── Stored data ──

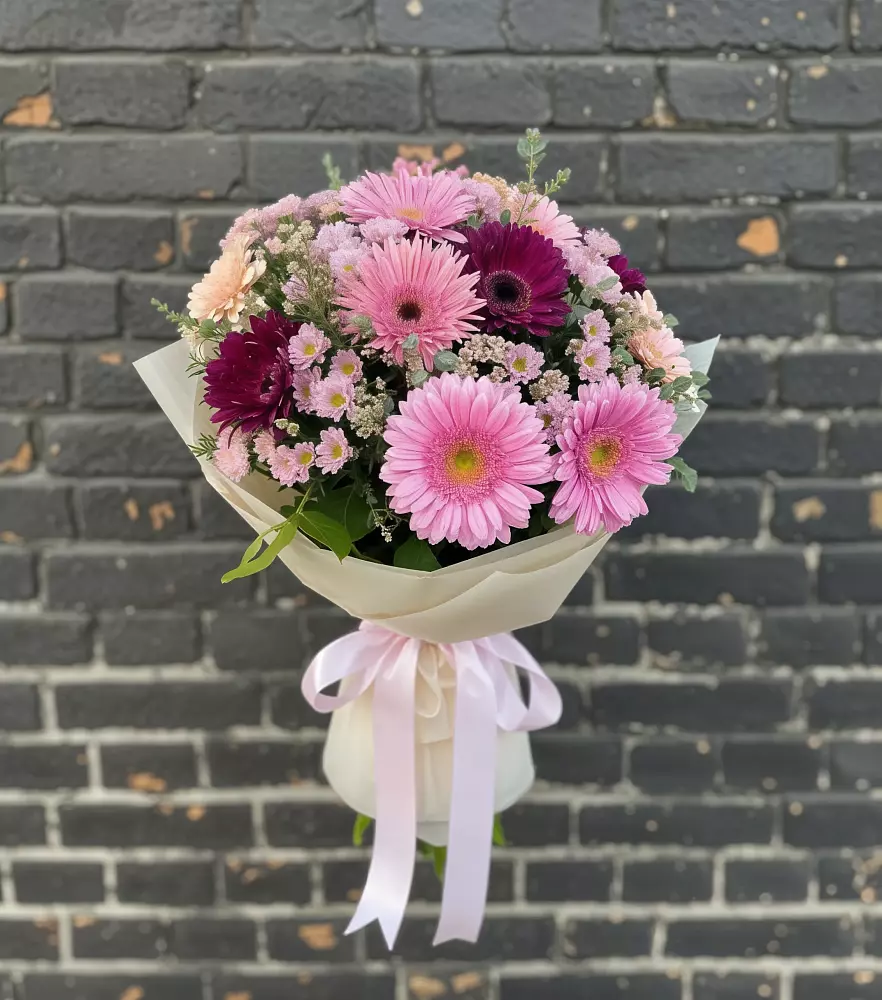 Букет цветов из: Герберы и Хризантемы в Авангард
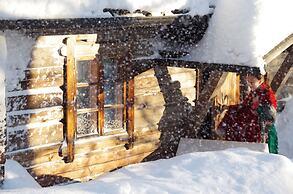 LAURI Historical Log House Manor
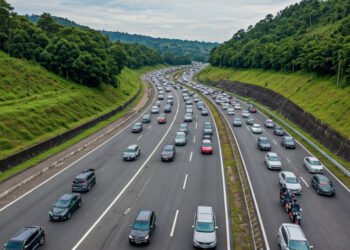 H+2 Lebaran: Arus Kendaraan Menuju Puncak Padat Merayap, Sistem One Way Diberlakukan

───

### About this exercise:
Begin with the line holding "LAURI Historical Log House Manor" and end with the last line of the listing. Reproduce each of those lines exactly, and leave every picture out.

### Solved problem:
 LAURI Historical Log House Manor
 H+2 Lebaran: Arus Kendaraan Menuju Puncak Padat Merayap, Sistem One Way Diberlakukan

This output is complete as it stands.